Data for review:
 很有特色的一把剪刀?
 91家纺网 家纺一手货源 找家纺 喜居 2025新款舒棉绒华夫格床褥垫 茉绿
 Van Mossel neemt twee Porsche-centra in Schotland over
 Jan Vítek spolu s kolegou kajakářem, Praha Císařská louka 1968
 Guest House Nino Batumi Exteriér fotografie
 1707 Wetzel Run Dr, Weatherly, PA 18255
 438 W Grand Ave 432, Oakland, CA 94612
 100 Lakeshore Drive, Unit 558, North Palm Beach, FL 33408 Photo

...

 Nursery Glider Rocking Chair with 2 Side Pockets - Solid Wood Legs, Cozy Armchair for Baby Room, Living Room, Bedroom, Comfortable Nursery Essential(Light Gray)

What is being asked:
For this exercise, output exactly the lines above from the line with "438 W Grand Ave 432, Oakland, CA 94612" to the line with "100 Lakeshore Drive, Unit", counting both, and leave out the rest.

Answer to the problem:
 438 W Grand Ave 432, Oakland, CA 94612
 100 Lakeshore Drive, Unit 558, North Palm Beach, FL 33408 Photo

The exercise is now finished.